La fiera delle illusioni - Nightmare Alley, la recensione
Il film più magistrale di Guillermo Del Toro, quello in cui il suo controllo è totale e ogni nuances è al suo posto per creare un castello perfetto
Sembra un esercizio ombelicale girare un film che parla di come funziona l’illusione della messa in scena e quindi il cinema, e invece non lo è. O almeno non lo è se il cuore del racconto rimaniamo noi, che quella messa in scena la guardiamo, e cosa ci fa la sospensione dell’incredulità mentre ne siamo preda.

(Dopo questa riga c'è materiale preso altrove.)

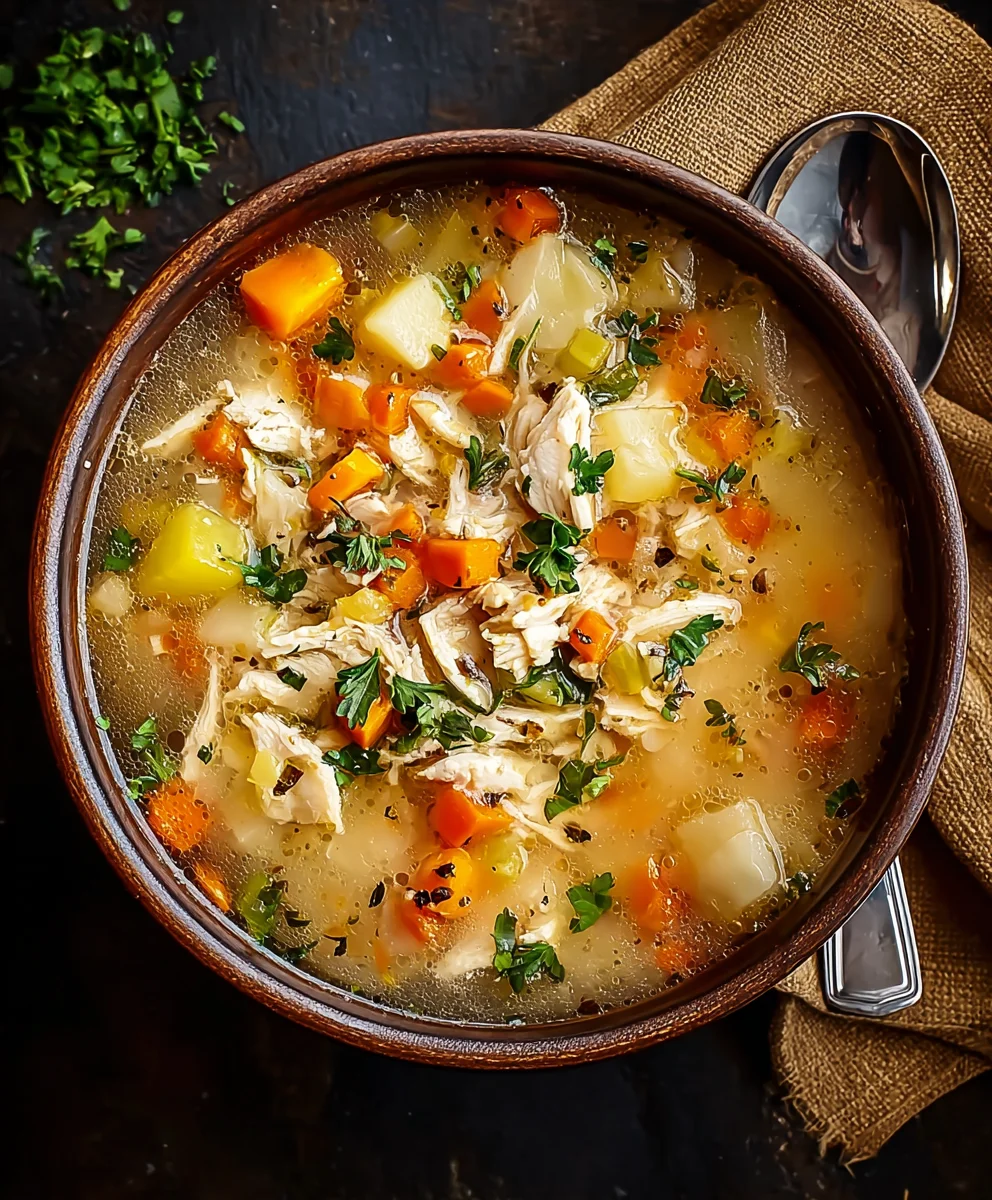 Hearty Turkey Leftover Soup - Delicious & Easy Recipe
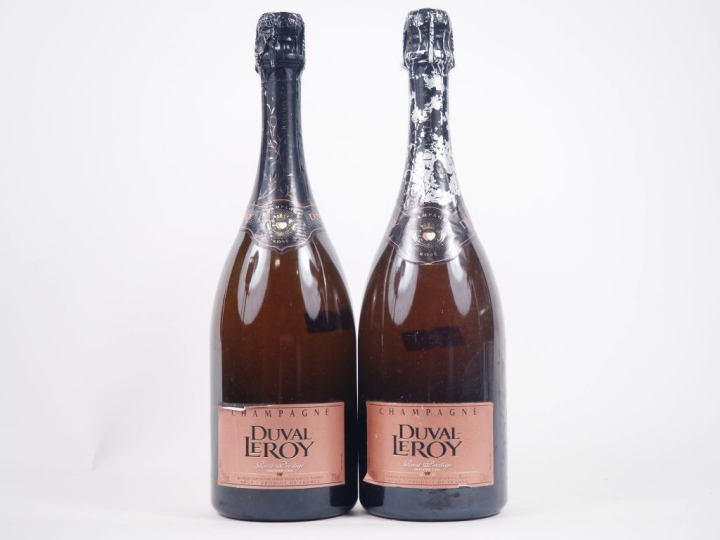 2 BOUTEILLES CHAMPAGNE ROSÉ DUVAL LEROY 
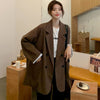 Blazers Women Long Sleeve Autumn All-match Leisure Creativity Double Breasted Solid Temperament Feminino Clothing Chic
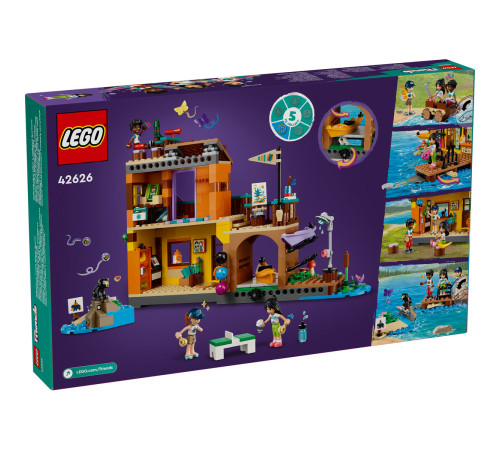 lego friends 42626 Конструктор "Лагерь приключений, водные виды спорта" (628 дет.)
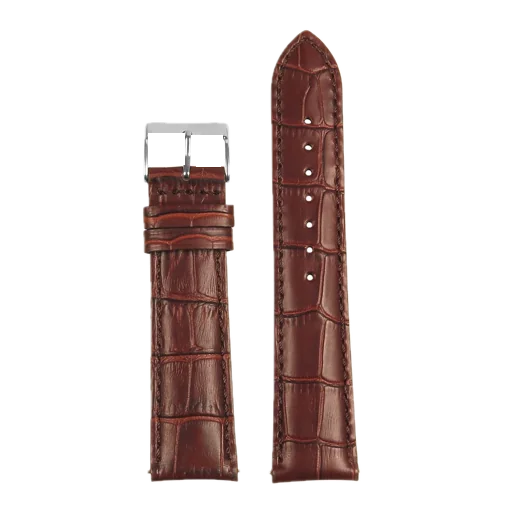 Dark Brown Crocodile Embossed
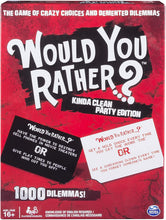 Load image into Gallery viewer, Spin Master Games - Would You Rather…? Kinda Clean Party Edition Edition
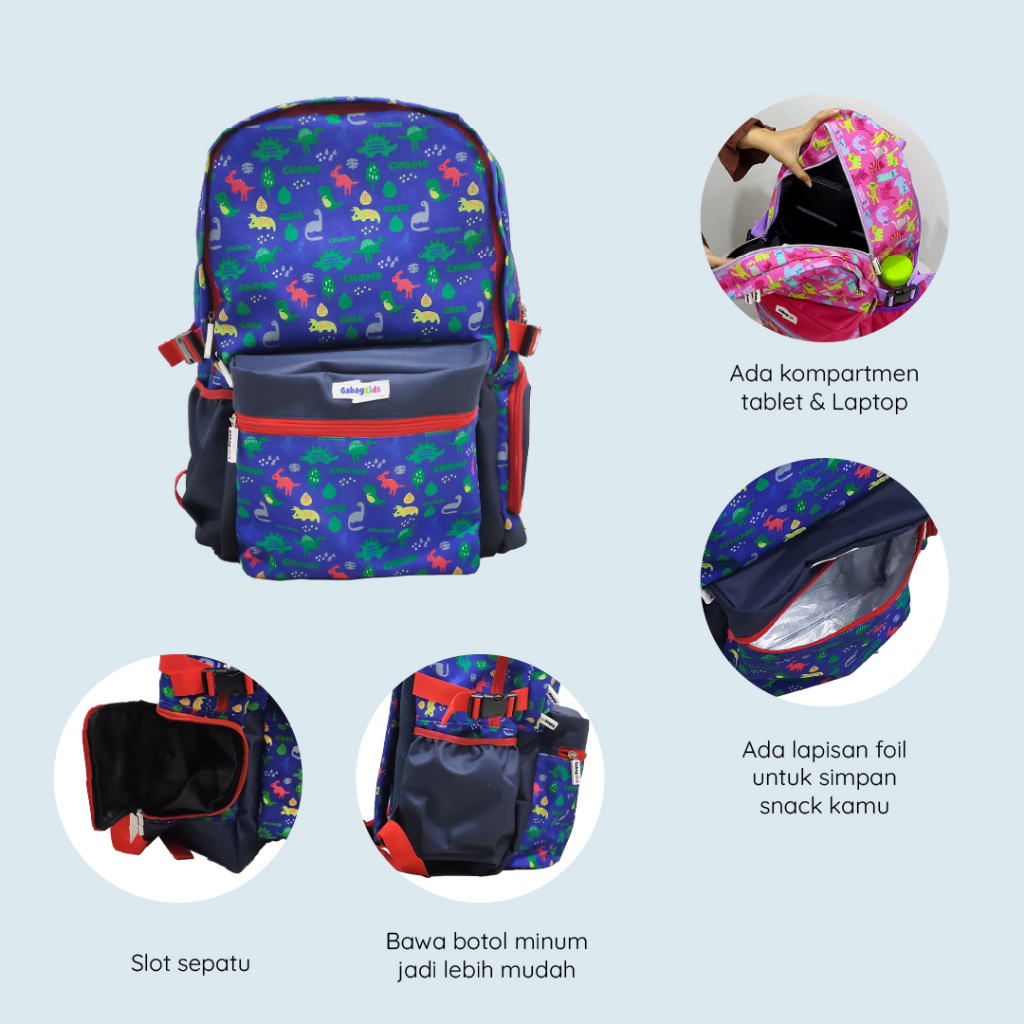 Gabag Kids Backpack Primary - Tas Sekolah anak - ThermalBag - Ransel anak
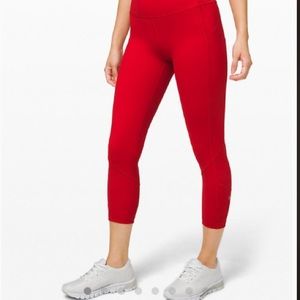 Size 10 red lulu leggings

L’operazione dietro a La fiera delle illusioni è uno dei migliori studi dei nostri anni sull’attività del pubblico e sulla relazione che stabilisce con le messe in scena. Per farlo il film segue quasi all'esattezza la trama del primo adattamento del romanzo (del 1947) e fa diventare un perfetto Bradley Cooper da facchino del circo un provetto mentalista, qualcuno che è in grado di usare trucchi e raccogliere informazioni per dare l’illusione di avere percezioni e conoscenze impossibili con il solo potere della mente. È un’illusione non diversa dai prestigi dei prestigiatori di Christopher Nolan, e come in quel film la parte di “lavoro”, scalata al successo e rivalità è molto importante. Solo che La fiera delle illusioni sta attento a giocare molto di più esso stesso con la maniera in cui illude il suo pubblico (cioè noi). E lungo tutto il film prima mostra una messa in scena, poi la descrive e poi ne svela la struttura. Fa cioè un lavoro di esposizione delle nuances che abbiamo appena visto e ne dimostra l’importanza nel creare l’illusione.

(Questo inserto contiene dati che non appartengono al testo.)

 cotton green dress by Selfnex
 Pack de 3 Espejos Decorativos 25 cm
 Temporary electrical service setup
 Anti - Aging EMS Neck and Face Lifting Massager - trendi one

Basti vedere la forza con cui gestisce la sua consueta passione per l’opposizione tra colori caldi e freddi (in Il labirinto del fauno era freddo il mondo vero e caldo quello dei mostri) qui contenuti gli uni dentro gli altri in un gioco di scatole cinesi e continui ribaltamenti, per una storia in cui il più cattivo di tutti è proprio il narratore. Non è un azzardo sostenere che questo film parli di cinema, perché ogni film che parla di qualcuno che mette in scena qualcosa è un film sul cinema, visto che non può evitare di creare senso sulla stessa cosa che fa, ma pochi come questo parlano della ciclicità hollywoodiana (si veda il finale, troncato rispetto a quello del '47 e dieci volte più spietato), sulle ascese e sulle cadute, sull’accontentarsi di qualsiasi cosa e sul demone dello spettacolo, il demone che si impossessa del pubblico (bellissimo come ci introduce i meccanismi del fascino degli attori e dell’accattivarsi il pubblico) e il demone che si impossessa del narratore. Guillermo Del Toro poteva girare 8 e mezzo e invece ha realizzato un film tutto suo che contiene le medesime riflessioni in una cornice (quella sì) personale e riconoscibile, dimostrando che il suo mondo, lo stesso che altrove era sembrato limitato, può contenere di tutto.